[[ Supplied data, beginning ]]

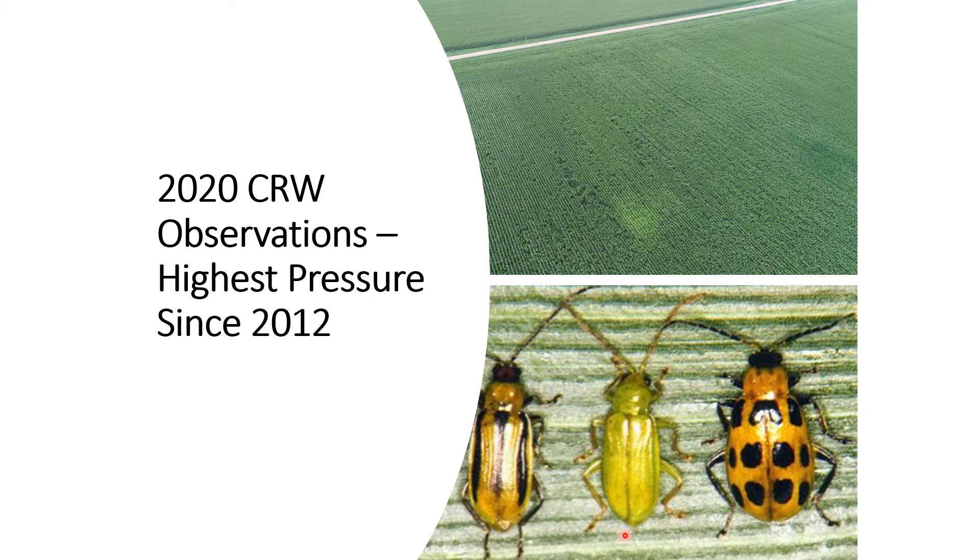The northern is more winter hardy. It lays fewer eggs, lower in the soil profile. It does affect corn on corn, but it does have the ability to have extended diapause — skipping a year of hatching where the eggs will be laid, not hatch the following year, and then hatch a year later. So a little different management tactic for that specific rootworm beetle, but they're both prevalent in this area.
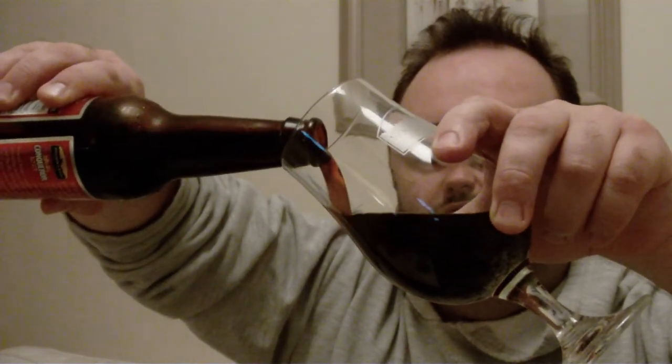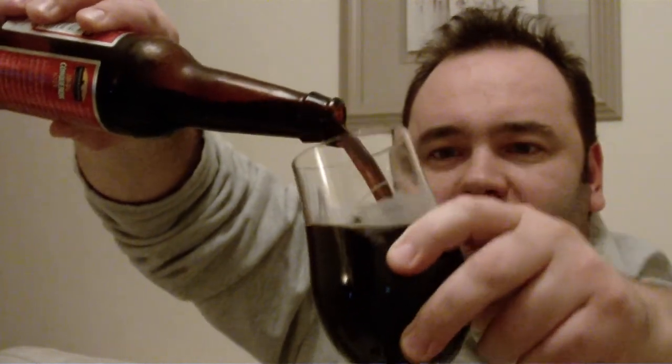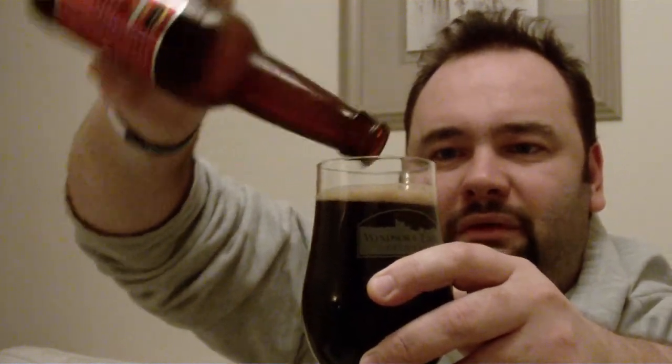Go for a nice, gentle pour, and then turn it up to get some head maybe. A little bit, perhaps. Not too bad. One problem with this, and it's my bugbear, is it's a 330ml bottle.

[[ Supplied data, end ]]
[[ Supplied data, beginning ]]

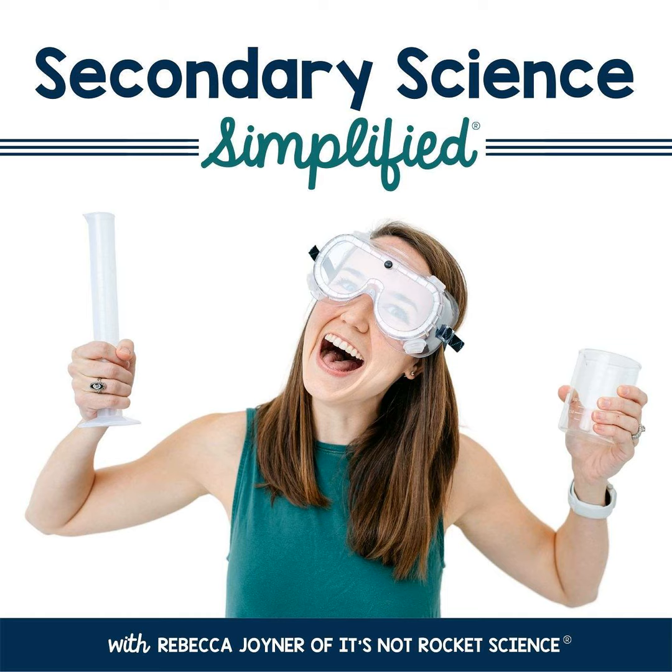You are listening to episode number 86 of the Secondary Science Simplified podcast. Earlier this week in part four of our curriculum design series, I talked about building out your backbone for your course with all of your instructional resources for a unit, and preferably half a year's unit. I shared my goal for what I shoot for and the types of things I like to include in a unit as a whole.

[[ Supplied data, end ]]

• _What to produce_: When copying from the data above, begin at the line containing "The northern is" and end at the line containing "Go for a nice, gentle"; return those lines exactly and leave all pictures behind.

• _The completed task_:
The northern is more winter hardy. It lays fewer eggs, lower in the soil profile. It does affect corn on corn, but it does have the ability to have extended diapause — skipping a year of hatching where the eggs will be laid, not hatch the following year, and then hatch a year later. So a little different management tactic for that specific rootworm beetle, but they're both prevalent in this area.
Go for a nice, gentle pour, and then turn it up to get some head maybe. A little bit, perhaps. Not too bad. One problem with this, and it's my bugbear, is it's a 330ml bottle.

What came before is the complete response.